In most cases, a parent’s desire to have children raised in keeping with their own religion is based in a genuinely-held belief that it is in the children’s best interests.  However, as the cases above illustrate, the court must sometimes be called upon to take a more objective, third-party view on how best to foster a child’s more balanced upbringing, and one that remains equally mindful of each parent’s views.

Some Practical Tips

For those separated and divorced parents who are trying to resolve a dispute on their own, without a court’s intervention, the following tips should be borne in mind:

  • Compromise is key, especially when the point of contention is relatively minor. Separated and divorced parents must keep in mind that the goal is always to benefit and promote the well-being of their child.
  • Parents must avoid acrimony over scheduling and the observance of traditions, especially during religious holidays. Otherwise, the child’s experience of the holiday – which is often a time of joy and celebration – might be tainted.
  • The child will also benefit from being exposed to both parents’ faiths, even if their tenets, values and customs are in direct opposition to each other.
  • The ability for parents to reach an agreement on issues arising from differing religious beliefs also teaches the child good lessons about tolerance and compromise.
  • Parents must be careful not to use their individual beliefs and practices to try – whether consciously or unconsciously – to limit and control the child’s relationship with the other parent by claiming that their own beliefs should be paramount. Courts will quickly see through this as an attempt by one parent to alienate the other.[9]

Conclusion

Finally, for those separated or divorcing parents who struggle with finding a compromise when it comes to differences in religion and child-rearing, there is much wisdom in the ruling in Rosenberg, where the court wrote:

Successful post separation parenting is an exercise in mutual respect, cooperation and tolerance. Divergent views, such as in religious expression, are opportunities to model these qualities not only toward the other parent, but within society as a whole. I would encourage the parties, particularly the mother, to consider carefully the values that are to shape [the child’s] childhood. She has two parents and two extended families. Many resources are available to assist the mother and father to parent co-operatively. [The child’s] deserves no less.

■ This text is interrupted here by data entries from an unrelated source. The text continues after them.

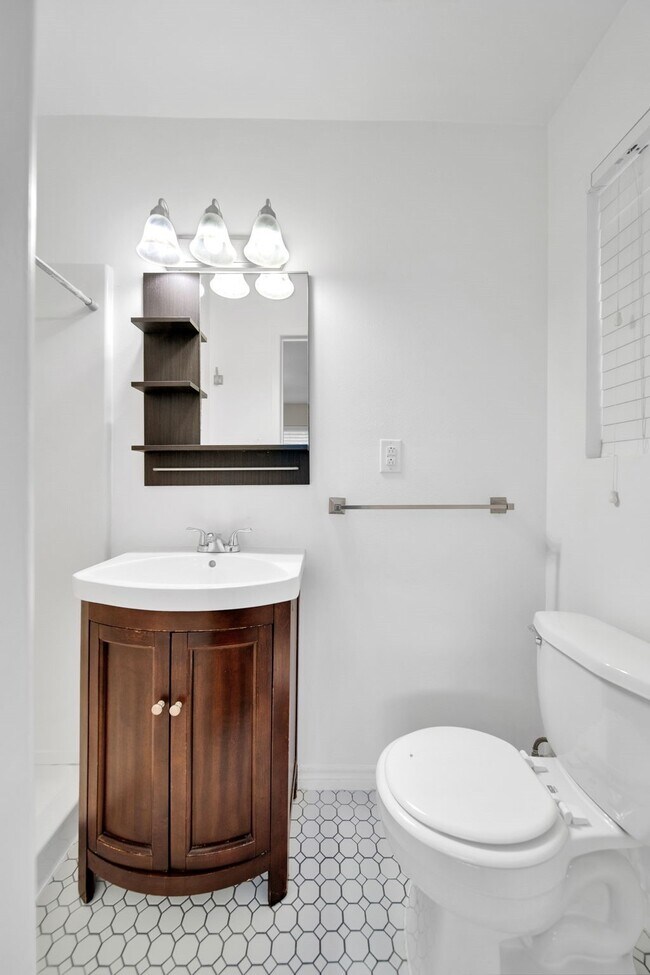 Building Photo - 1607 Willowby Dr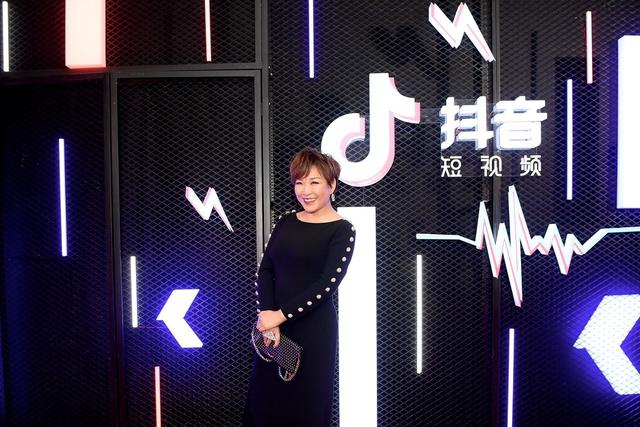 做抖音视频如何赚钱，做抖音视频如何赚钱呢？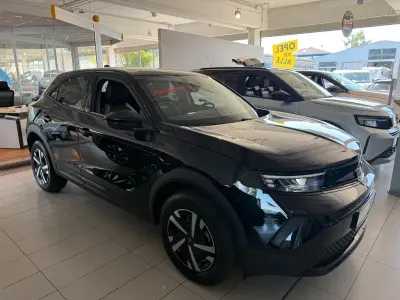 Neu Opel Mokka Edition 136 PS (100 kW) 2026 Schwarz SUV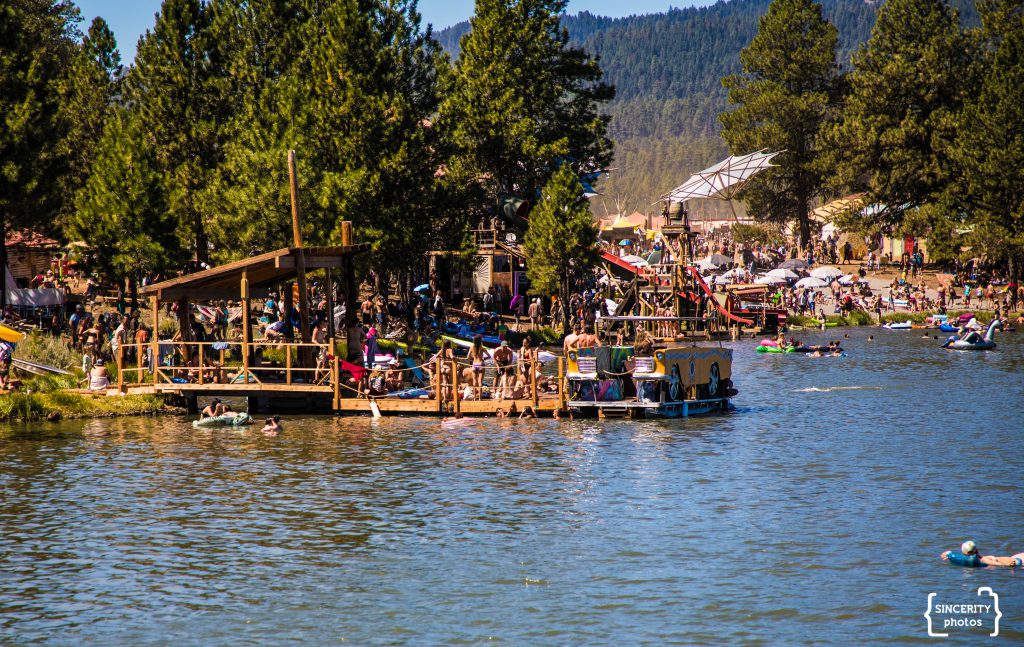 Oregon Eclipse Lake and Slide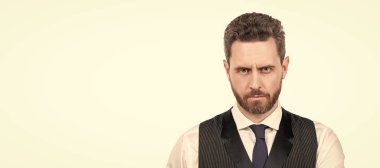 İnsan yüzü portresi, fotokopi alanı olan pankart. İngiliz anahtarı olan girişimci beyaza izole edilmiş. Kendinden emin bir iş adamı.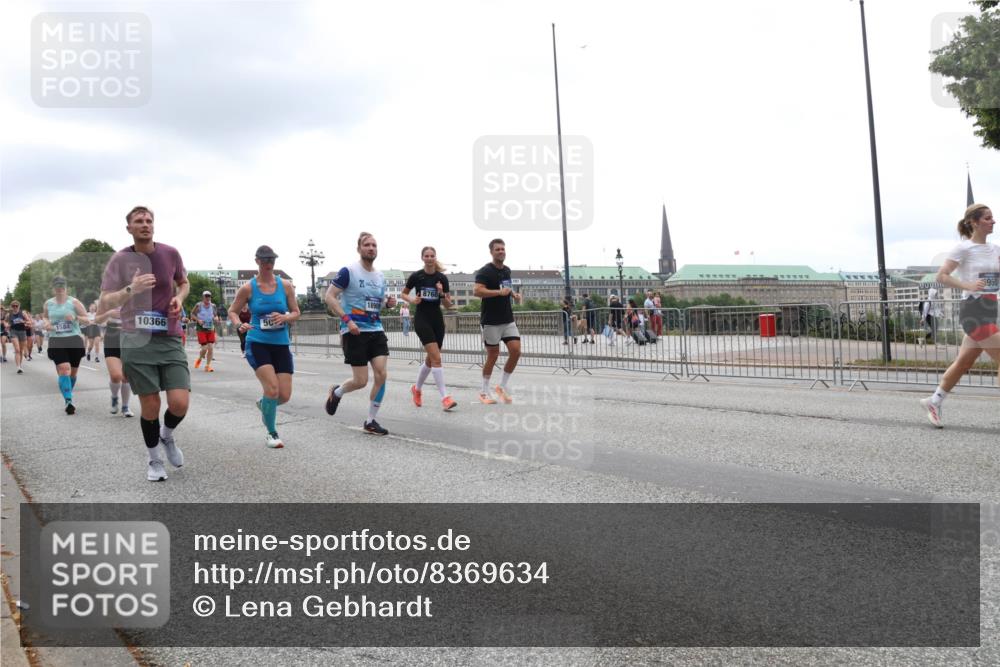 29.06.2025 - hella hamburg halbmarathon Lena Gebhardt http://msf.ph/oto/8369634 29.06.2025 10:48:48 Lombardsbrücke 10366, 50, 21, 18909, 8760, 950, 1142, 1167, 1584, 2160, 2195, 2437, 2438, 2475, 2627, 2716, 2792, 2909, 3086, 3215, 3224, 3253, 3661, 5010, 5479, 5480, 5551, 6015, 6437, 6566, 7062, 7203, 7947, 7948, 8461, 8719, 8760, 8948, 9341, 9359, 9552, 9787, 10059, 10081, 10204, 10366, 10524, 10654, 10656, 11000, 11364, 11365, 13814, 13845, 15715, 16498, 16499, 16701 meine-sportfotos.de
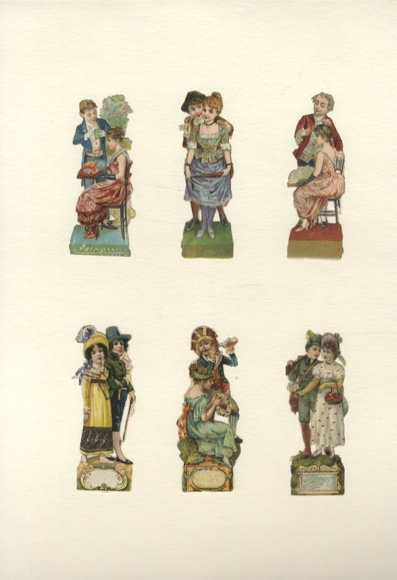 6 wafli dziecięcych w ubraniach dla dorosłych, każdy o wymiarach ok. 8,5 x 3,5 cm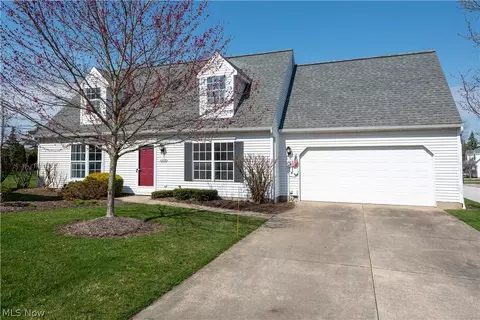 10258 Orchard Hill Ln, Twinsburg, OH 44087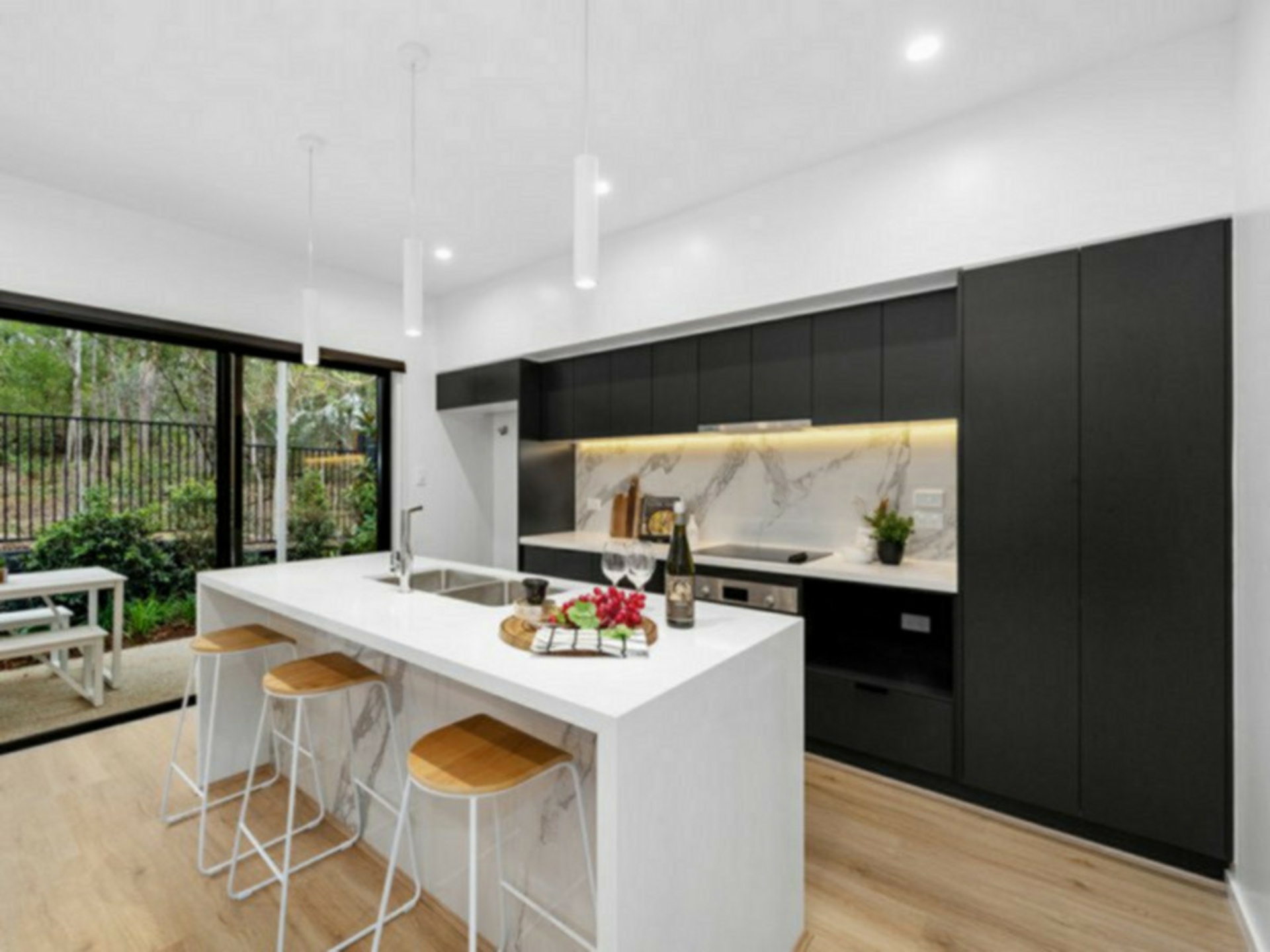 16/906 Hamilton Road, MCDOWALL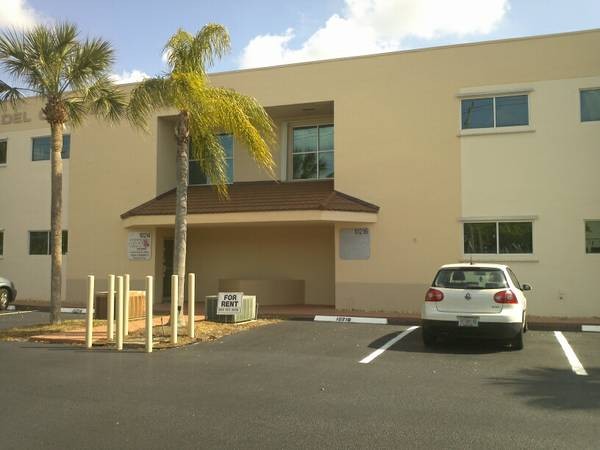 10216 NW 50TH ST 10216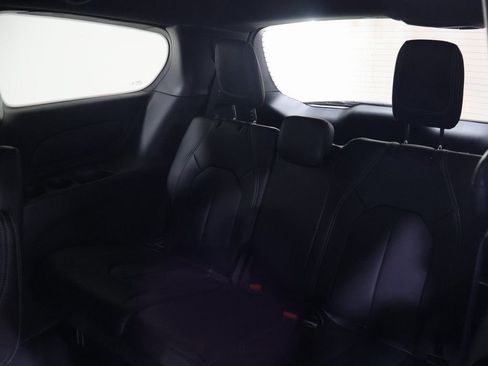 New 2026 Chrysler Pacifica Select image 13
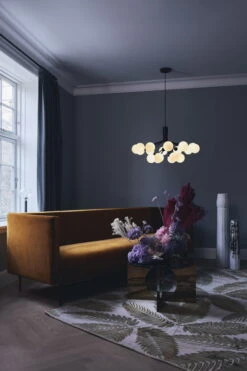 Nuura Apiales 18 Riippuvalaisin, Musta - Opaali -Louis Poulsen Myymälämyynti Nuura Apiales 18 Satin Black Finish Opal White glass lifestyle 1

If you have last-minute questions about custody, access or co-parenting, contact us.

We wish everyone a happy and festive holiday season!

[1] 2011 CarswellOnt 7930, 2011 ONSC 4758.

[2] 2014 CarswellOnt 6616, 2014 ONSC 3329.

[3] 1994 CanLII 1540, 4 R.F.L. (4th) 250 (Ont. C.A.).

[4]Young v. Young, [1993] 4 S.C.R. 3, 1993 CanLII 34 (SCC).

[5]Rosenberg v. Minster, 2011 CarswellOnt 7930, 2011 ONSC 4758 at para. 9, citing H. (B.) v. Z. (S.), 2000 CanLII 26912 (ON CJ), 2000 CarswellOnt 4641.

[6]Young v. Young, [1993] 4 S.C.R. 3, 1993 CanLII 34 (SCC).

[7] 1998 CarswellOnt 1941, [1998] W.D.F.L. 481, [1998] O.J. No. 2015, 37 R.F.L. (4th) 416.

[8]Rosenberg v. Minster, 2011 CarswellOnt 7930, 2011 ONSC 4758 at para. 19.

[9] See for example, Heath v. Zdep, 2000 CanLII 26912 (ON CJ) at para. 30.